Work to complete
Every line of the material below should be output exactly as written, with the images skipped.

**** Supplied material ****

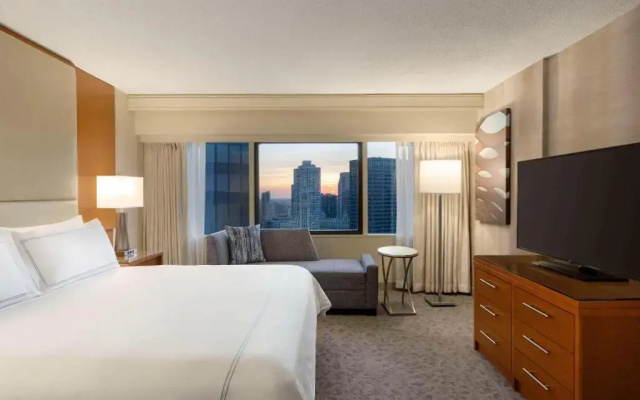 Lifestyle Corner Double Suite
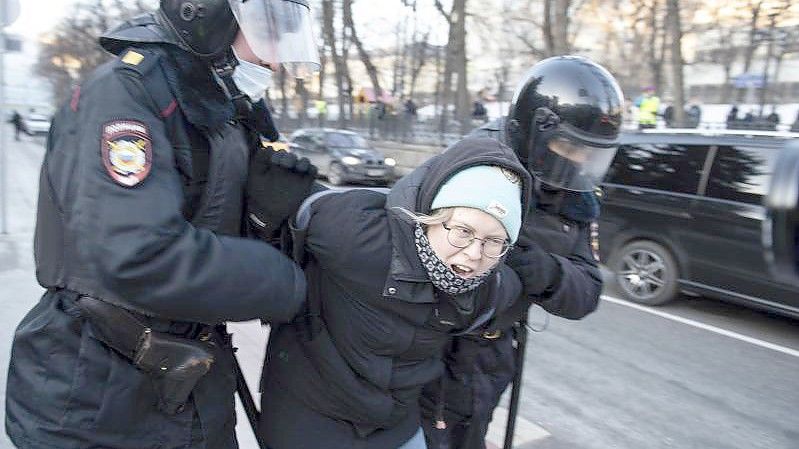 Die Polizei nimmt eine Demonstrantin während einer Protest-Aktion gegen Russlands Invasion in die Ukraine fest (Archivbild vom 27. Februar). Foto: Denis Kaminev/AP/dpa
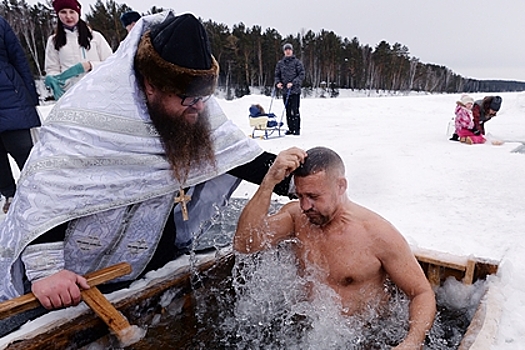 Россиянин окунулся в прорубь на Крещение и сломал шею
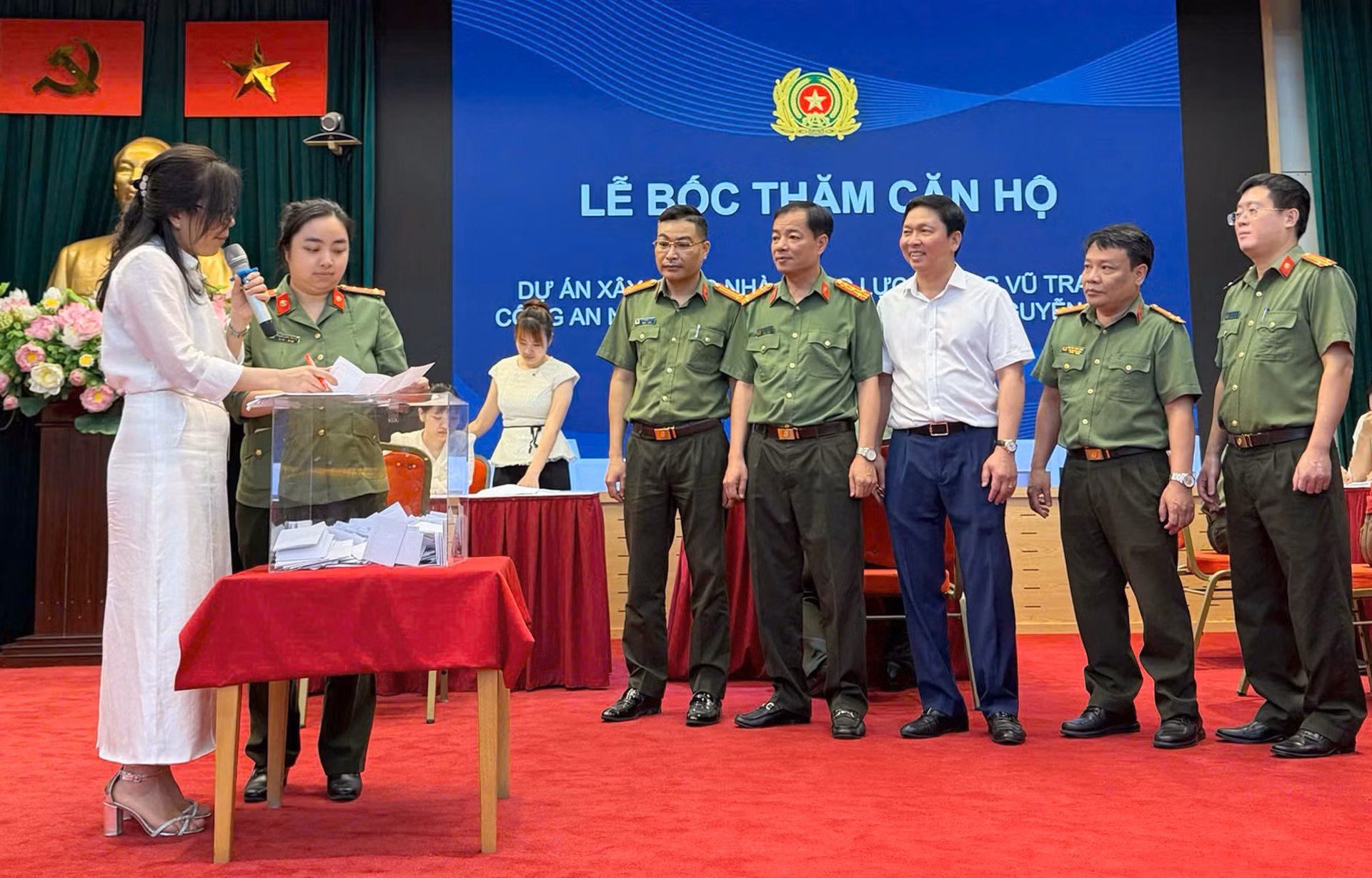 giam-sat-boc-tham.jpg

****

Output for this exercise
 Lifestyle Corner Double Suite
 Die Polizei nimmt eine Demonstrantin während einer Protest-Aktion gegen Russlands Invasion in die Ukraine fest (Archivbild vom 27. Februar). Foto: Denis Kaminev/AP/dpa
 Россиянин окунулся в прорубь на Крещение и сломал шею
 giam-sat-boc-tham.jpg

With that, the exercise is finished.